So this is not a trend piece about where things might go. If you are interviewing this quarter, you are materially likely to hit one of these loops, and almost nothing written for senior engineers tells you how they actually score.

The skill being graded flipped, and your prep didn't

The old advice was clear. Grind LeetCode, memorize debounce and throttle, be able to reproduce a virtualized list from memory. That advice is now actively wrong for these formats, not just outdated.

Here is the shift in one sentence, and it comes straight from the people running these loops: these loops grade whether you can judge code, not whether you can produce it from a blank editor. Interviewers are listening for whether you own the output or outsource the thinking.

That distinction sounds soft until you see how it gets measured. Meta evaluates four competencies in a single 60-minute session: problem-solving, code quality and understanding, verification and testing practices, and communication. Their internal guidance reportedly tells candidates to use AI but show they understand the code, explain the output, and test before using. Canva's CTO Brendan Humphreys said the team wants to "see the interactions with the AI as much as the output of the tool." Google's pilot explicitly grades "AI fluency, including prompt engineering, output validation, and debugging skills."

None of that is measured by reproducing quicksort.

Why "I'd rather write it myself" reads as a red flag

Let me defend the contrarian part of this directly, because it is the stance most senior engineers will resist.

Refusing to engage with the AI does not read as principled. It reads as rigid, and as someone who has not actually worked this way. Worse, the platforms are built to catch the performative version of refusal: modern interview tooling flags large pasted blocks and timing anomalies, and onsite interviewers run live "explain this line" follow-ups specifically to expose code a candidate didn't reason through.
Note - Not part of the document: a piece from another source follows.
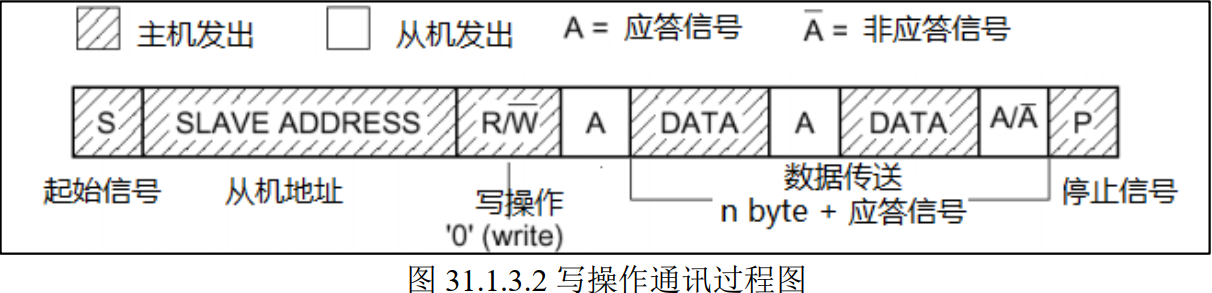 IIC1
There is a deeper reason the refusal fails. Sundar Pichai stated in April 2026 that 75% of all new code at Google is now AI-generated and approved by engineers. The interview changed because the job changed. When you say "I prefer to write everything myself," the interviewer hears "I don't do the job the way the team does."

I want to be honest about the tension, though, because the lazy version of this argument is dangerous. Fundamentals matter more in these loops, not less. You cannot validate output you don't understand. The engineers who do well are not the ones who lean hardest on the model. They are the ones whose fundamentals are strong enough that they can catch the model lying to them in real time. That is the whole game.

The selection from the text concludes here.